[Opening Record excerpts section]

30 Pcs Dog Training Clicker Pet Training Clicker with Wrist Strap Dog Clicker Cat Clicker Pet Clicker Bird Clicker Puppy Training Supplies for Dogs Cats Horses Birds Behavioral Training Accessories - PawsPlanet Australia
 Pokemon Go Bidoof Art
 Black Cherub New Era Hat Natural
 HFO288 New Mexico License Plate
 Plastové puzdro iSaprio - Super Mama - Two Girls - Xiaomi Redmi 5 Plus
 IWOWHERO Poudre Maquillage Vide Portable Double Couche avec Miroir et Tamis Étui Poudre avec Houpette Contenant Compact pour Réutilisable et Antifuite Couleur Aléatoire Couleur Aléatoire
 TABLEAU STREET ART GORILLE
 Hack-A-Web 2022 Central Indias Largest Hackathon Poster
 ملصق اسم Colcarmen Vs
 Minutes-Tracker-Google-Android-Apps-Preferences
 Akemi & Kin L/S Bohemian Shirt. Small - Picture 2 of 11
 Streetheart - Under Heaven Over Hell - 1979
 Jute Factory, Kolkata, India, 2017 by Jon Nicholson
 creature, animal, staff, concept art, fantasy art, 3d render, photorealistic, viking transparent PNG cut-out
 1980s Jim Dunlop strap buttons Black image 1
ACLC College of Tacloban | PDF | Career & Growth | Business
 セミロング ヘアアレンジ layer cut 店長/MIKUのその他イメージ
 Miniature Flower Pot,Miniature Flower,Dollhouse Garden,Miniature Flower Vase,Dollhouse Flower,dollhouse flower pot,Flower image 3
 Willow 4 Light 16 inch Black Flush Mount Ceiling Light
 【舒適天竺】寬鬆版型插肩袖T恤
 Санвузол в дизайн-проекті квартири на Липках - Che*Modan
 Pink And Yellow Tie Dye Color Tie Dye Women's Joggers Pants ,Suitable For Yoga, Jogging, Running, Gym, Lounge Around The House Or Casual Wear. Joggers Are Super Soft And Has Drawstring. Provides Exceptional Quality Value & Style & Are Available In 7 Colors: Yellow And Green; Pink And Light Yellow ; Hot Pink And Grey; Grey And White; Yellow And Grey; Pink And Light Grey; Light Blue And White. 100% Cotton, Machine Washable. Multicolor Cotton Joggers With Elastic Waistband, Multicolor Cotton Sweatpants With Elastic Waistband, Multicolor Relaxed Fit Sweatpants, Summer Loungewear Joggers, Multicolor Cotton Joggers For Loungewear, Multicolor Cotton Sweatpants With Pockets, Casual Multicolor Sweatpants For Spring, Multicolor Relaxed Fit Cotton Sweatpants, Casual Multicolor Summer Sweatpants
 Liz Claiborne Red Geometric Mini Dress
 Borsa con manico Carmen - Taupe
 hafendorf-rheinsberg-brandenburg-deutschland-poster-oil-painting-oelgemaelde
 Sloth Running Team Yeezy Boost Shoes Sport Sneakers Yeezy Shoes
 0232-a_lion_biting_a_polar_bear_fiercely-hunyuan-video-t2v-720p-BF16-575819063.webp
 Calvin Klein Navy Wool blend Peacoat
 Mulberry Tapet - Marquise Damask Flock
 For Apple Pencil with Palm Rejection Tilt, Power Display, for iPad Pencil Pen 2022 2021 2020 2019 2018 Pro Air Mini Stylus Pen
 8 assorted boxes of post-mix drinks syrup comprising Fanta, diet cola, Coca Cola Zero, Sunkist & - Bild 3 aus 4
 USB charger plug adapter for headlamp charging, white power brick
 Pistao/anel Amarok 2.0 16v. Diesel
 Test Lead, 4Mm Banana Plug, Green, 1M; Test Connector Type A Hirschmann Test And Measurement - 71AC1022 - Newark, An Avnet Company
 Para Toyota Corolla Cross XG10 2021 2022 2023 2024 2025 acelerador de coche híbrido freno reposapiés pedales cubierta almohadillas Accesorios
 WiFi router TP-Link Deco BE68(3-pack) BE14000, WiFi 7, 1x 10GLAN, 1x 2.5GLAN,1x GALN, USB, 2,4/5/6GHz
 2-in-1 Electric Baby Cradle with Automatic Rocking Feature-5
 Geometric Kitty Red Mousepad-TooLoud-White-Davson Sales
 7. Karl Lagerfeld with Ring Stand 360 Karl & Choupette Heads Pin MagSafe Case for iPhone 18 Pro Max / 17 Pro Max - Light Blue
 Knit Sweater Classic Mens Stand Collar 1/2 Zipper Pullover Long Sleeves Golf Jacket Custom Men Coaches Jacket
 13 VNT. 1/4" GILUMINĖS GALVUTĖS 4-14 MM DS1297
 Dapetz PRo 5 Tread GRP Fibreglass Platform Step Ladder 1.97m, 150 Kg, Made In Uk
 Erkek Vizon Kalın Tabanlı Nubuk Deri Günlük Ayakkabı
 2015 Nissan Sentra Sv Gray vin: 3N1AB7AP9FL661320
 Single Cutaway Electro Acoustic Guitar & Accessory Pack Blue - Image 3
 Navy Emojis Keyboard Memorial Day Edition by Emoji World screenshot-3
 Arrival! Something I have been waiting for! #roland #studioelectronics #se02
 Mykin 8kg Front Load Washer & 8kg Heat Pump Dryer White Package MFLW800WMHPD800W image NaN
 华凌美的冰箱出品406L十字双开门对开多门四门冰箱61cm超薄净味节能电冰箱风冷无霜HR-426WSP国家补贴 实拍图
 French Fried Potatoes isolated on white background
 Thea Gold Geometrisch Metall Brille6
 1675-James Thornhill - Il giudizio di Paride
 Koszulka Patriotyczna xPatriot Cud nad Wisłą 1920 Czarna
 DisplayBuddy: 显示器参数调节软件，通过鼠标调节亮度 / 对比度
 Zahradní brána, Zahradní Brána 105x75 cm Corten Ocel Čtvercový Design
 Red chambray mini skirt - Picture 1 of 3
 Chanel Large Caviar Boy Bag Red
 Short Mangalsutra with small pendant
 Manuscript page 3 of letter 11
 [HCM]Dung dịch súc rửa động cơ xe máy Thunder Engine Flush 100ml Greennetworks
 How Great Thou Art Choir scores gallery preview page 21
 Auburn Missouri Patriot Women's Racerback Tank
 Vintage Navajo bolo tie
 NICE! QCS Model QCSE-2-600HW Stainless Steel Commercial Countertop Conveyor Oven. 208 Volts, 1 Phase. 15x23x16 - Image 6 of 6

[Closing Record excerpts section]

What you should do
Please give again the lines above between the line holding "ACLC College of" and the line holding "Санвузол в дизайн-проекті", inclusive, exactly as they are and with nothing added.

The answer
ACLC College of Tacloban | PDF | Career & Growth | Business
 セミロング ヘアアレンジ layer cut 店長/MIKUのその他イメージ
 Miniature Flower Pot,Miniature Flower,Dollhouse Garden,Miniature Flower Vase,Dollhouse Flower,dollhouse flower pot,Flower image 3
 Willow 4 Light 16 inch Black Flush Mount Ceiling Light
 【舒適天竺】寬鬆版型插肩袖T恤
 Санвузол в дизайн-проекті квартири на Липках - Che*Modan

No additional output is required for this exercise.